Before TCJA, the aforementioned rules had separate dollar thresholds before certain (usually unfavorable) provisions kicked in. For example, you were required to capitalize part of your carrying costs into inventory if your average annual gross receipts (AAGR) for the past 3 years exceeded $10 million. If you were a C Corporation, or a partnership with a C Corporation as a partner, you could not use the cash method of accounting for tax purposes (generally viewed as a favorable treatment) if your AAGR was in excess of $5 million. If you are a construction contractor who wanted to use the completed contract method (picking up revenue when the long-term job is complete, and not ratably over the years in line with costs incurred), you needed to be under $10 million AAGR. If you weren’t confused before, you didn’t need to account for inventory if your AAGR was less than $1 million.

These regulations work to ease the burden on taxpayers and preparers in that all the tests now are based on a fixed dollar amount, adjusted for inflation. The base amount started for the 2018 reporting year at $25 million, and for 2019 was adjusted to $26 million. The IRS will publish annually the inflation adjusted amounts for the next tax year sometime in the Winter before tax filing season begins.

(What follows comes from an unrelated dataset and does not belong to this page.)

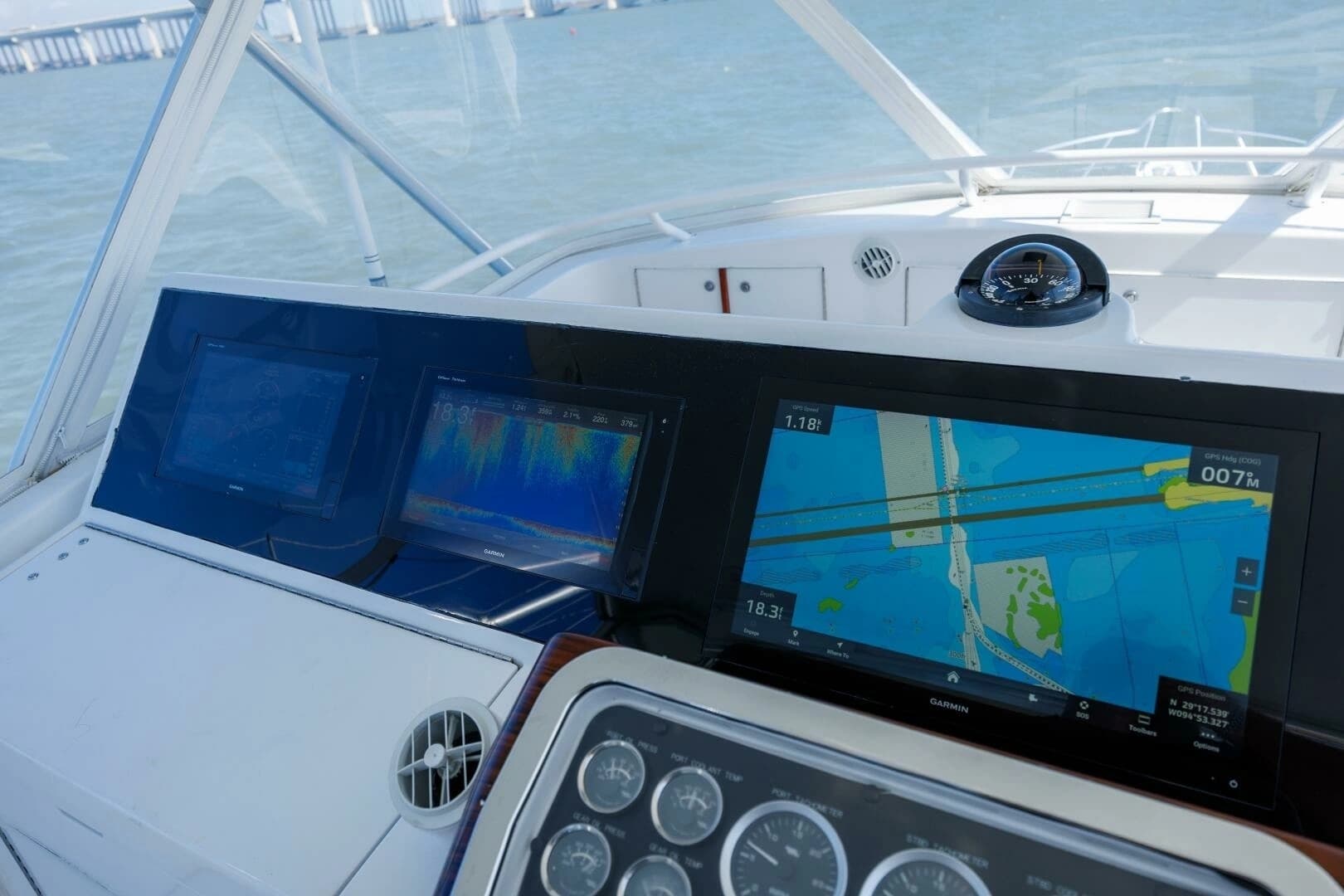 2002 Hatteras 50 Convertible - Image 17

A key item to note is that the rules require you to aggregate certain businesses gross receipts if your ownership is over a certain limit. For example, I cannot simply split up my businesses that I own 100% into two separate entities with AAGR of $24 million and $6 million – they would be combined to have AAGR of $30 million, which would lead to me failing the Small Business test.

In several cases, Henry+Horne has worked with clients to determine that they meet the tests for a small business and have worked to elect a change in method of accounting, sometimes to great taxpayer benefit. In a time when cash can be scant, a simple change in accounting method can result in a very advantageous tax situation.